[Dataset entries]
□ □ □ □ □
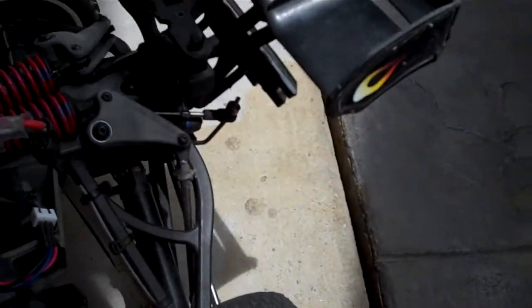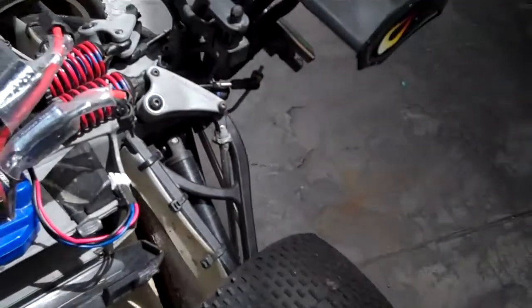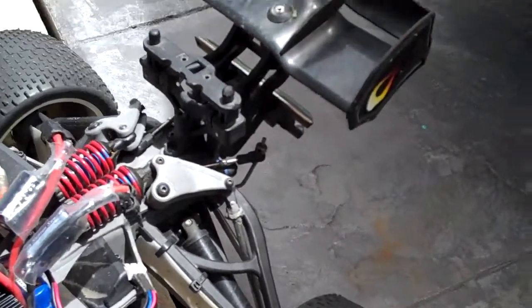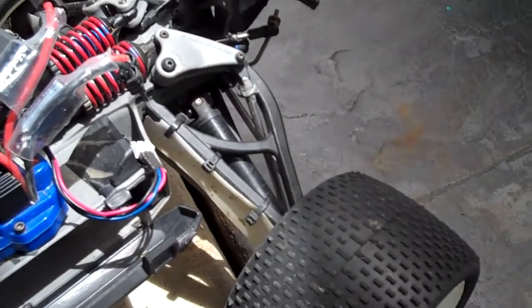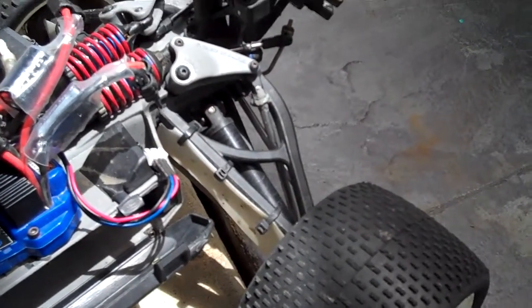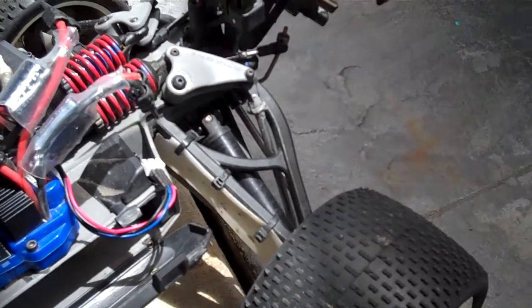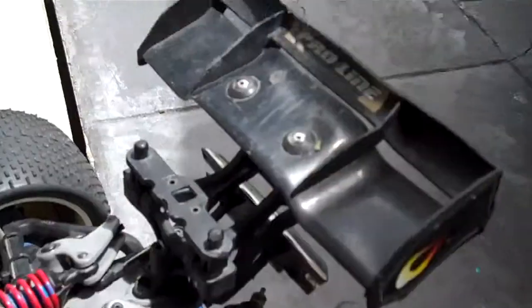Hey guys, Stinger30 here. I'm just going to do another quick video of my milk bottle mud flaps I've got in the back.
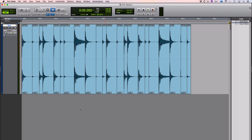Hi, this is Julian for Pro Tools Expert, and I wanted to share a quick tip that I think might be more commonly used in post than it is in music, so I thought I'd show it in a music context.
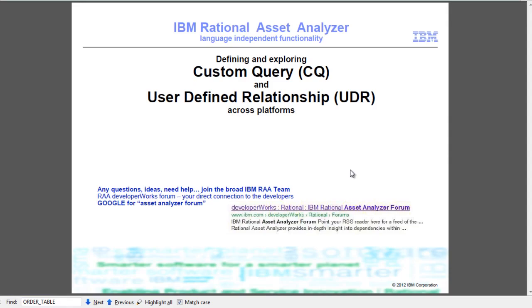What we have seen in this demo is IA's ability to absorb, persist, and enable sharing of human knowledge in custom queries and user-defined relationships. Thank you very much. I hope you enjoyed this presentation. See you next time.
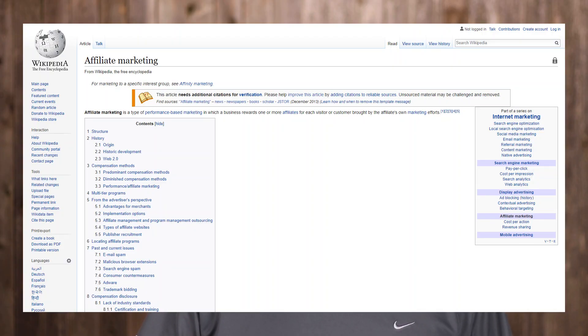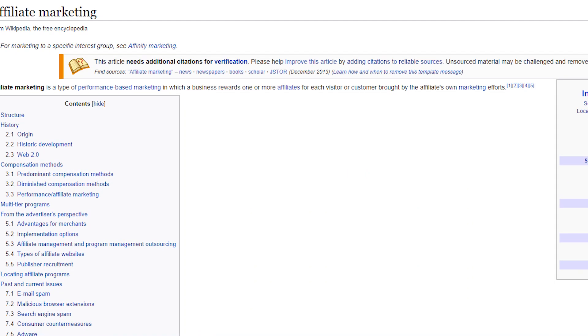One of the most important things to understand is that knowing what to do for affiliate marketing and knowing how to do affiliate marketing are two totally different things, but you need to completely understand both. So what is affiliate marketing? Wikipedia defines it as a type of performance-based marketing in which businesses reward one or more affiliates for each visitor or customer brought by that affiliate's own marketing efforts. Simply put, affiliate marketing is a referral-based system — you link to a product and get paid.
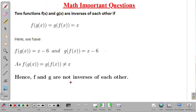In this lecture we have discussed one important problem of mathematics. Thank you.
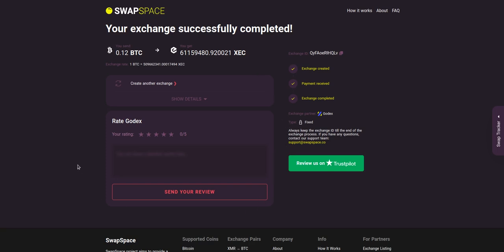Rate your experience with the chosen exchange service with our in-built rating system, or leave a full review about SwapSpace on Trustpilot. Thanks for watching and hope to see you on SwapSpace.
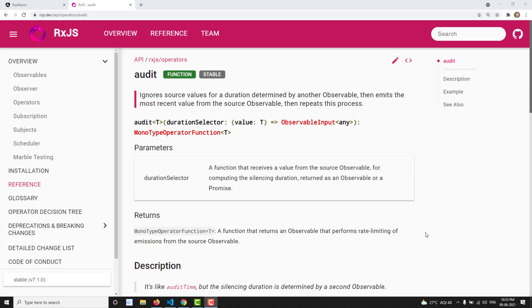Hi friends, this is Leela, welcome to my channel Leela WebDev. In this video we will learn about the operator known as the audit operator. This is also one of the filtering category operators.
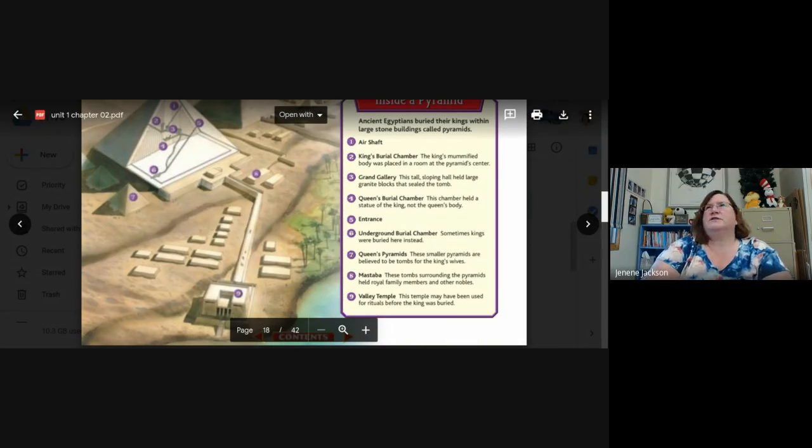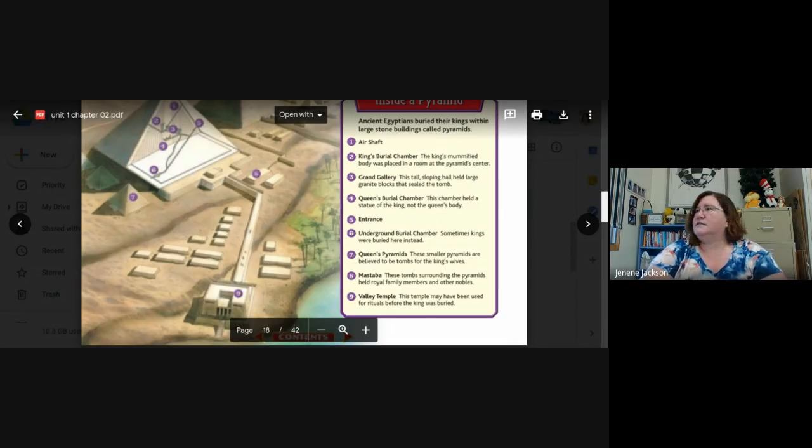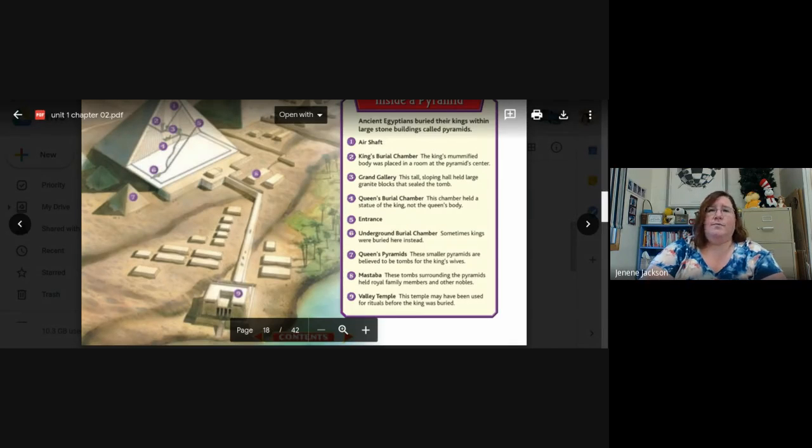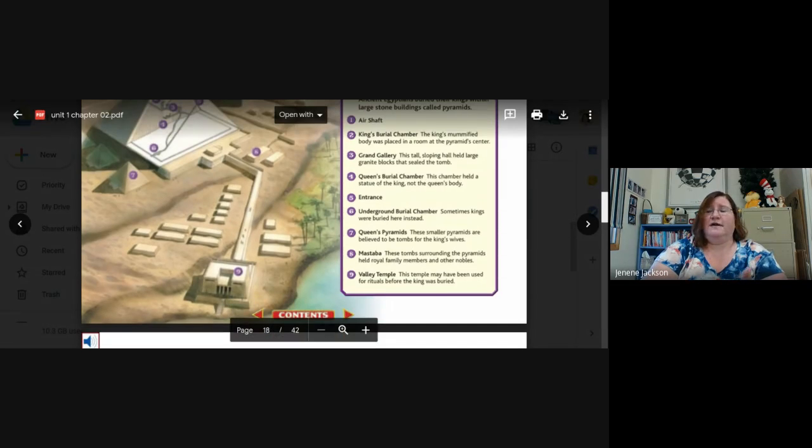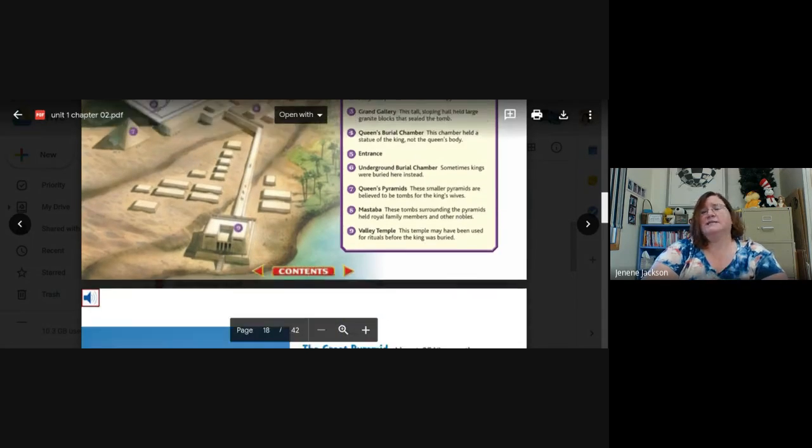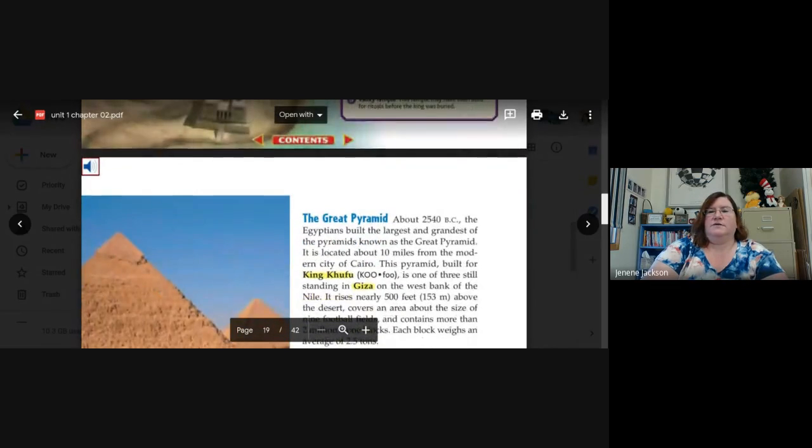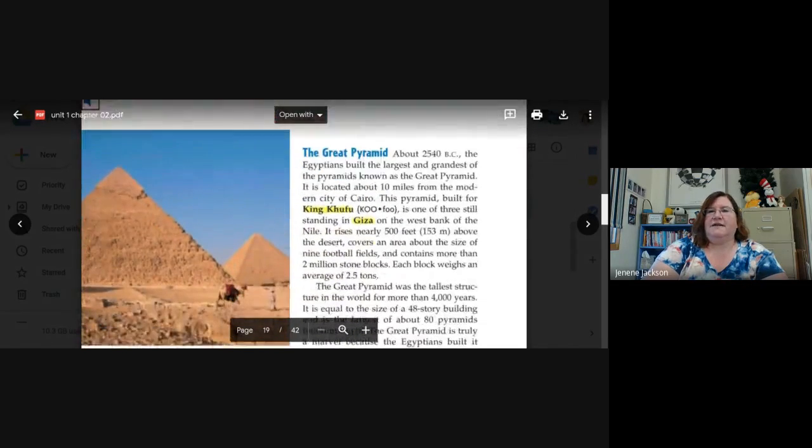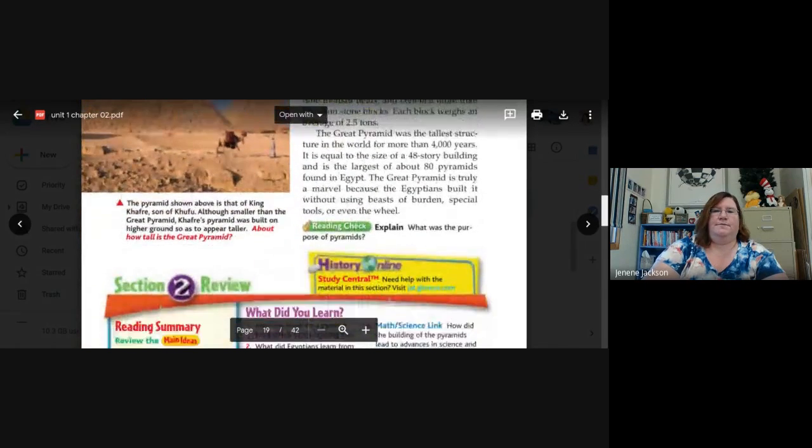But remember, history is something where we can only look at the artifacts. So some of these things that they say now may change, right, as we learn more or we find more information or we find more writing or we find more artifacts. Some of what we believe can change.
□ □ □ □ □
[Exercise objective] A word-for-word copy of the entries above is what is needed, without any images.

[Answer section]
Hey guys, Stinger30 here. I'm just going to do another quick video of my milk bottle mud flaps I've got in the back.
Hi, this is Julian for Pro Tools Expert, and I wanted to share a quick tip that I think might be more commonly used in post than it is in music, so I thought I'd show it in a music context.
What we have seen in this demo is IA's ability to absorb, persist, and enable sharing of human knowledge in custom queries and user-defined relationships. Thank you very much. I hope you enjoyed this presentation. See you next time.
One of the most important things to understand is that knowing what to do for affiliate marketing and knowing how to do affiliate marketing are two totally different things, but you need to completely understand both. So what is affiliate marketing? Wikipedia defines it as a type of performance-based marketing in which businesses reward one or more affiliates for each visitor or customer brought by that affiliate's own marketing efforts. Simply put, affiliate marketing is a referral-based system — you link to a product and get paid.
In this lecture we have discussed one important problem of mathematics. Thank you.
Rate your experience with the chosen exchange service with our in-built rating system, or leave a full review about SwapSpace on Trustpilot. Thanks for watching and hope to see you on SwapSpace.
Hi friends, this is Leela, welcome to my channel Leela WebDev. In this video we will learn about the operator known as the audit operator. This is also one of the filtering category operators.
But remember, history is something where we can only look at the artifacts. So some of these things that they say now may change, right, as we learn more or we find more information or we find more writing or we find more artifacts. Some of what we believe can change.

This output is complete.